*** Block opens ***
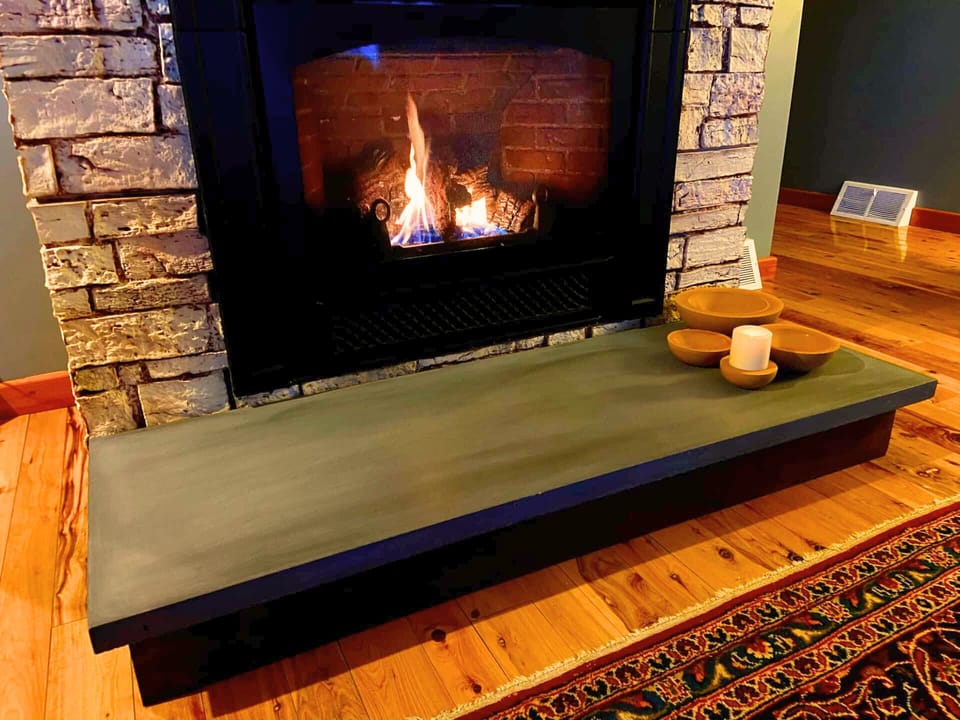 Elevation Vacation Rentals - Sunrise 1 - Great Room (4)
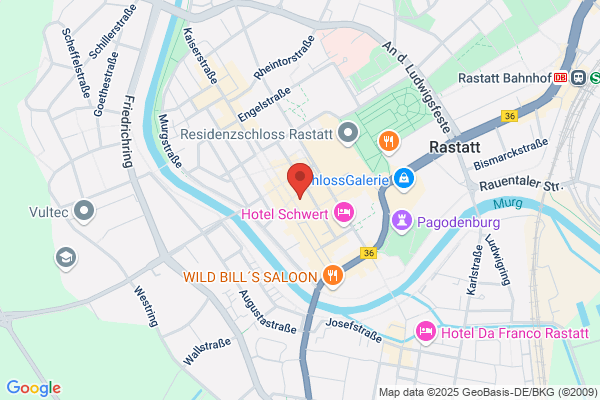 Beratung BBBank Rastatt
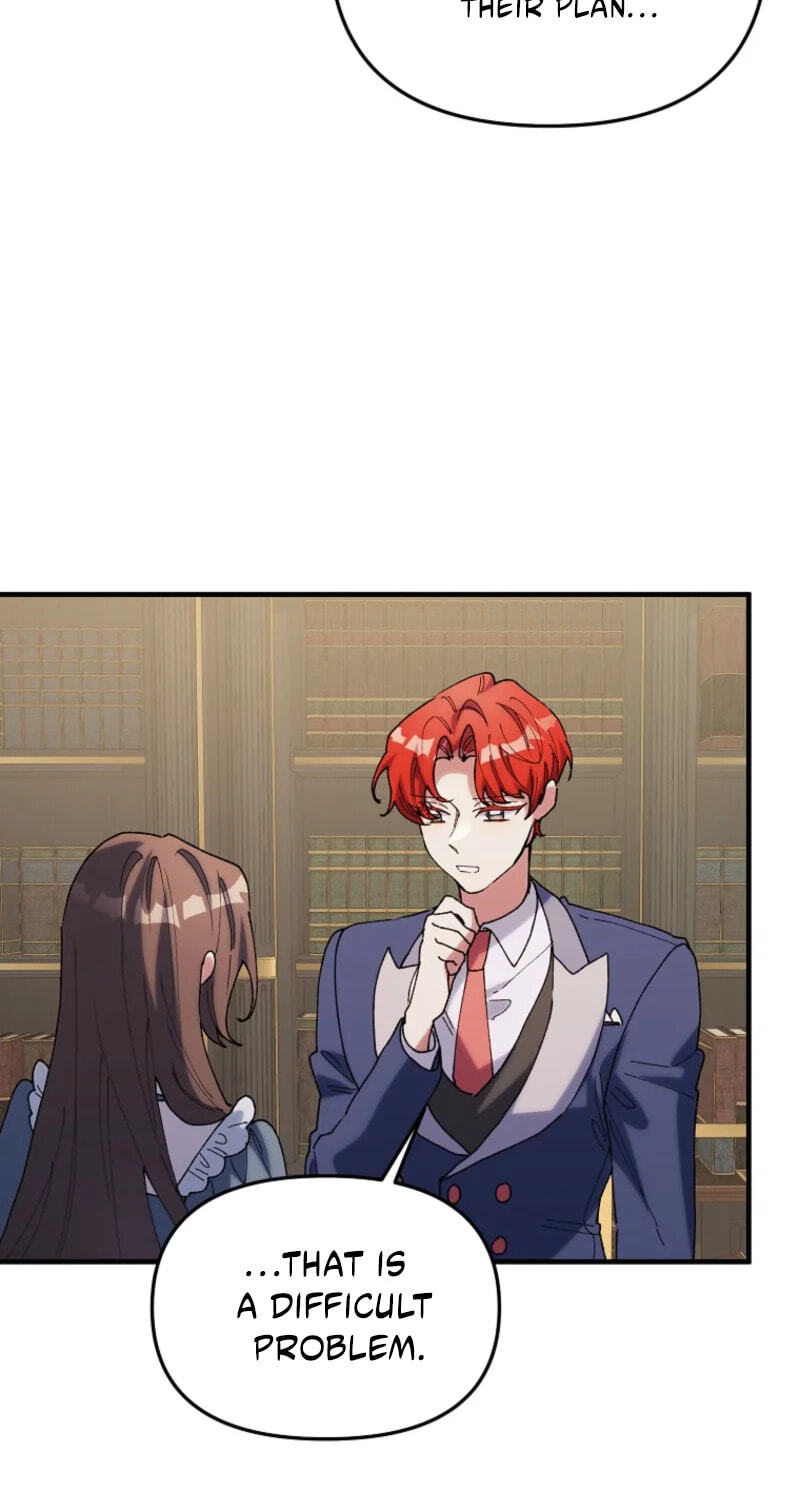 Read The Reason for Avoiding Him, the Perfect One chapter 60 image 13 on Lezhin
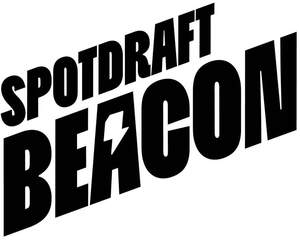 Image for mark UK00004359807 SPOTDRAFT BEACON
*** Block closes ***
- _EXERCISE DETAILS_: Begin with the line containing "Read The Reason" and end with the last line of the material above; return exactly those lines, both ends included, and omit all pictures.

- _OUTPUT_:
 Read The Reason for Avoiding Him, the Perfect One chapter 60 image 13 on Lezhin
 Image for mark UK00004359807 SPOTDRAFT BEACON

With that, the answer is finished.